La laïcité pour faire humanité

Les sénateurs LR ont déposé une proposition de loi pour soi-disant « assurer la neutralité religieuse des personnes concourant au service public de l’éducation (…) y compris lors des sorties scolaires ». Il s’agit en fait d’interdire aux mamans accompagnatrices de porter un voile lors de ces sorties. Cette proposition de loi fait suite à la provocation lancée par un élu régional du Rassemblement National, provocation relayée par la droite et même par le ministre de l’Education national qui a dit considérer que « le port du voile n’était pas souhaitable ». Le débat public s’est ainsi déplacé sur la laïcité. Celle-ci étant mise à toutes les sauces, il est bon de rappeler les principes qui la fondent.
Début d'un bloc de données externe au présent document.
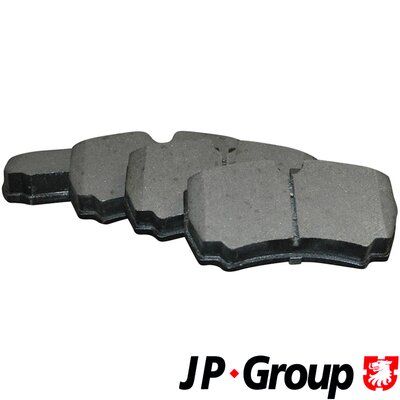 JP GROUP 5363700110 Brake Pad Set, disc brake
Commençons par dire ce que n’est pas la laïcité. Ce n’est ni un athéisme, ni un anti cléricalisme. Certains voudraient l’embrigader pour un faire un anti islam dans une guerre de religion entre chrétiens et musulmans. D’autres en faire un outil pour maintenir l’expression religieuse dans l’espace privé. La laïcité c’est tout autre chose. C’est un outil qui donne vie à la devise républicaine Liberté, Egalité, Fraternité.

La laïcité, c’est la liberté et l’égalité de droit garanties par la République à tout citoyen de croire ou de ne pas croire ; d’adopter la religion de son choix et d’en pratiquer les rituels.
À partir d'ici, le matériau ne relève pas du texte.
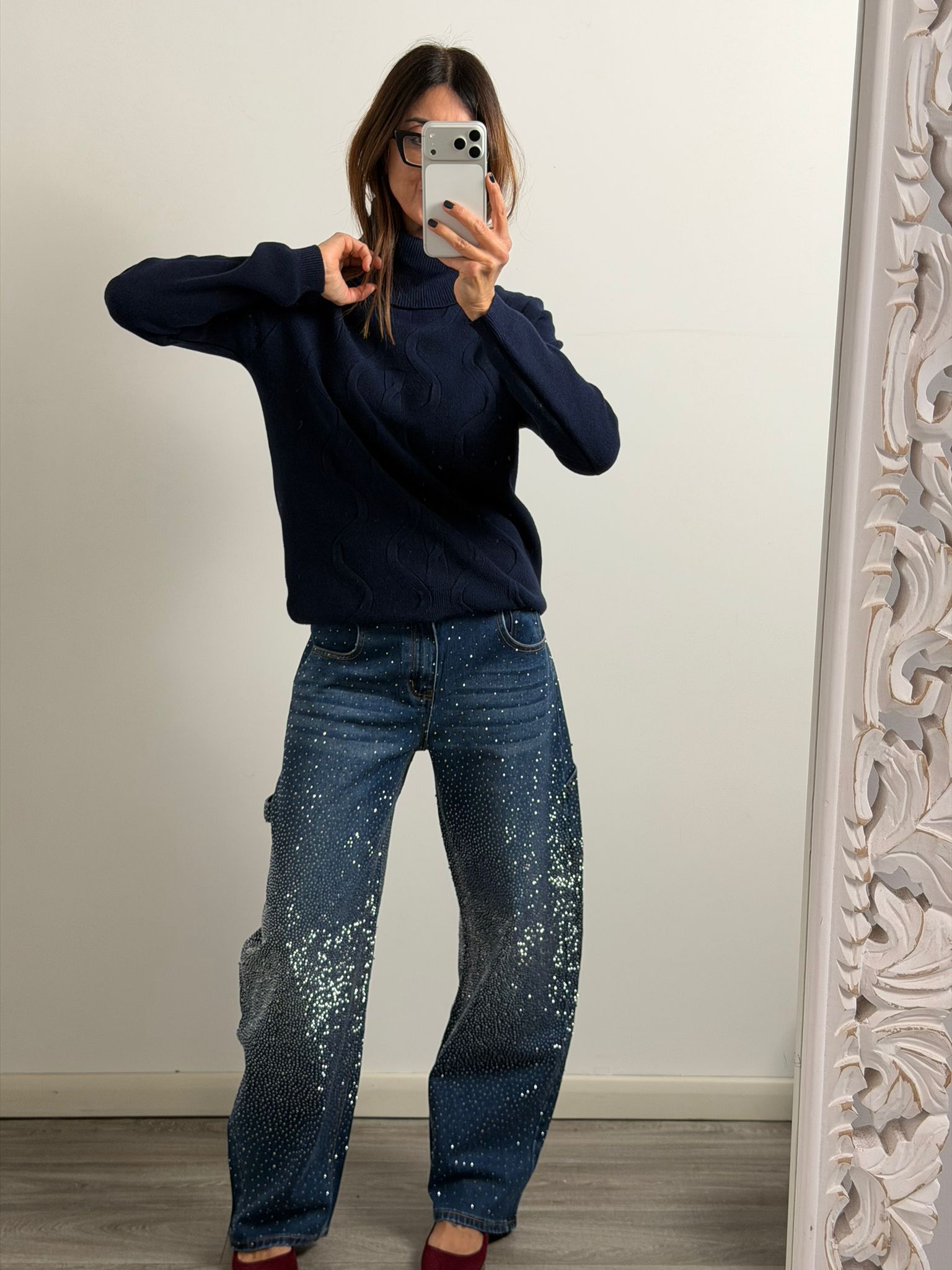 Denim Edimburgo glitter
C’est la Fraternité et le respect des croyances ou de la non croyance. Et je dis bien respect et non tolérance. Car il ne s’agit pas de tolérer des croyances, mais de respecter un droit.

La laïcité, la loi de 1905 qui la fonde, c’est la séparation de l’Etat et de l’Eglise. Comme le dit Victor Hugo : « L’Etat chez lui, l’Eglise chez elle ». Cela ne veut pas dire que l’Etat est contre les religions. Au contraire, il a la responsabilité de garantir la liberté de culte. Cela veut dire la séparation du religieux et du politique. Qu’il n’y a pas de religion d’Etat et que la gestion des affaires publiques, des affaires de la cité, relève du politique et non du religieux.

Mais cela ne veut pas dire non plus que les religions ou l’athéisme ne pourraient pas s’exprimer dans l’espace public et prendre position dans le débat public.

La laïcité n’interdit pas l’affirmation d’une croyance dans l’espace public, entre autre par des attributs vestimentaires.

Par contre, ce qui est interdit, mais ce n’est pas spécifique à l’expression religieuse, cela concerne aussi l’expression politique, syndicale, associative, personnelle, c’est d’occasionner des troubles de l’ordre public.

Et dans bien des débats récurrents sur les tenues vestimentaires de femmes musulmanes, on peut se demander où est le trouble de l’ordre public. On peut se demander si les éventuels troubles de l’ordre public ne seraient pas le but recherché par ceux qui suscitent et alimentent ces débats médiatiques.

On peut aussi s’interroger sur la fréquence de ces débats à quelques mois d’élections.



C’est pour clarifier cette conception, la seule conforme à la loi de 1905, que j’ai organisé en février 2019 un débat sur la laïcité où se côtoyaient à la tribune Jean-Louis Bianco, président de l’Observatoire de la laïcité, l’évêque de Saint-Denis et l’imam d’Ivry.